Click Here to download.

We manually edited a Landsat 8 dataset for cloud detection and removal, which contains the cloudy images, corresponding cloudless historical images, and cloud and shadow masks. We named it as WHU cloud dataset. The whole dataset includes six different regions, covering different land types such as forests, cities, oceans, lakes, and mountains. Only red, green and blue bands, which correspond to the bands 4, 3, 2 of Landsat 8 images, are chosen. The spatial resolution is 30m. We selected images at the same region that were not affected by the clouds before about 1-6 months as multi-temporal data. The clouds in cloudy images account for about 5%.

Table I. Summary of the study sites used in the experiment
Data Path/row Location Covers Acquired Time Temporal data Time
I 118/032 Liaoning Province & North Korea forests, residential areas and sea 2018/06/24 2018/05/23
II 119/038 Jiangsu Province flat coastal area and large residential areas 2018/05/14 2018/02/23
III 123/039 Hubei Province Mountains, plains and lakes 2018/04/08 2017/10/30
IV 124/033 Hebei Province mountains and cities 2018/04/15 2017/12/23
V 126/035 Shanxi province Mountainous 2018/05/13 2018/03/12
VI 127/034 Shaanxi province Mountainous 2018/06/23 2018/01/14

The image of path/row 118/032 is located at the junction of Liaoning Province, China and North Korea, covering with forests, residential areas and sea. The image obtained at May 23, 2018 is utilized as the historical reference data and the cloud and shadows in the image of June 24, 2018 is to be detected and repaired. The size of the whole image is 7511 x 7791.

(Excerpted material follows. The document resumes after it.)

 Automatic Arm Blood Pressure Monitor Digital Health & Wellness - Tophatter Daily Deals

The second image, path/row 119/38, is located at the eastern flat coastal area of Jiangsu Province, China with large residential area. The image obtained at February 23, 2018 is utilized as the historical reference data and the cloud and shadows in the image of May 14, 2018 is to be detected and repaired. The size of the whole image is 7691 x 7921.

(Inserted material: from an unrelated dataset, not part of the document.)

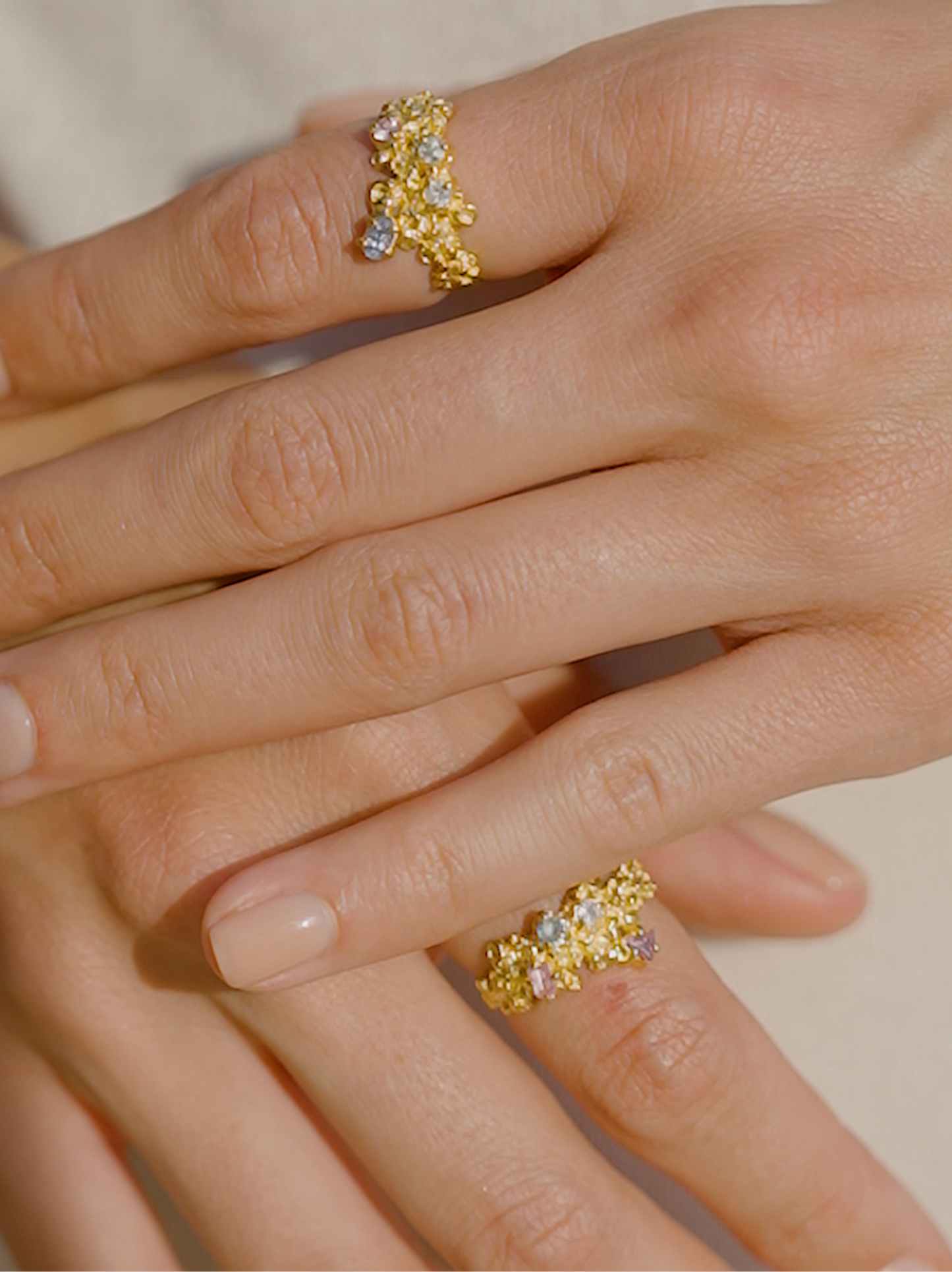 Coral Ring Gold #13 with candy coloured Sapphires - size 6.5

The image of path/row 123/39 is located at Hubei Province, where consists mountains and plains with lakes. The image obtained at October 30, 2017 is utilized as the historical reference data and the cloud and shadows in the image of April 8, 2018 is to be detected and repaired. The size of the whole image is 7501 x 7681.

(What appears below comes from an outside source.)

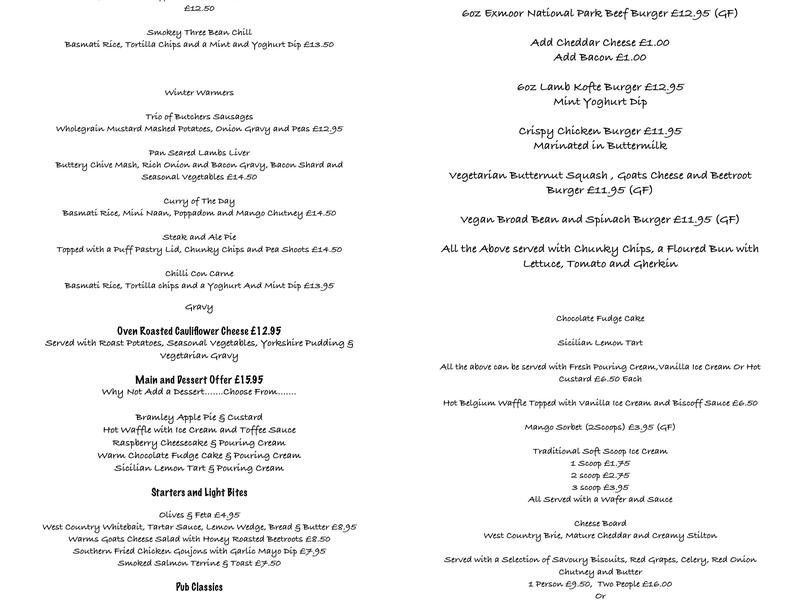 White Horse Inn Menu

The fourth area is in Hebei Province, northern China (path/row 124/33). Half of this region is a plain area with cities and the other half mountains. The image obtained on December 23, 2017 is utilized as the historical reference data and the cloud and shadows in the image of April 15, 2018 is to be detected and repaired. The size of the whole image is 7791 x 7971.

The images (path/row 126/35 and path/row 127/ 34) both are mountainous and located in Shanxi and Shaanxi provinces, China. In Shanxi, the image obtained at March 12, 2018 is utilized as the historical reference data and the cloud and shadows in the image of May 13, 2018 is to be detected and repaired. The size of the whole image is 7691 x 7841. In Shaanxi, the image obtained at January 14, 2018 is utilized as the historical reference data and the cloud and shadows in the image of June 23, 2018 is to be detected and repaired. The size of the whole image is 7701 x 7911.

Considering the computational limitation, we cropped the images into 512 x 512 patches seamlessly. For cloud detection, 680 patches are for training, 50 patches for validation and 129 for testing. For cloud removal, the ground truth can be simulated on the current image pairs (with available masks). For example, 60% patches in each image is selected for training, 20% for validation and 20% for testing.

The paper named “Simultaneous cloud detection and removal from bi-temporal remote sensing images using cascade convolutional neural networks” are now undergoing review at the IEEE Transactions on Geoscience and Remote Sensing.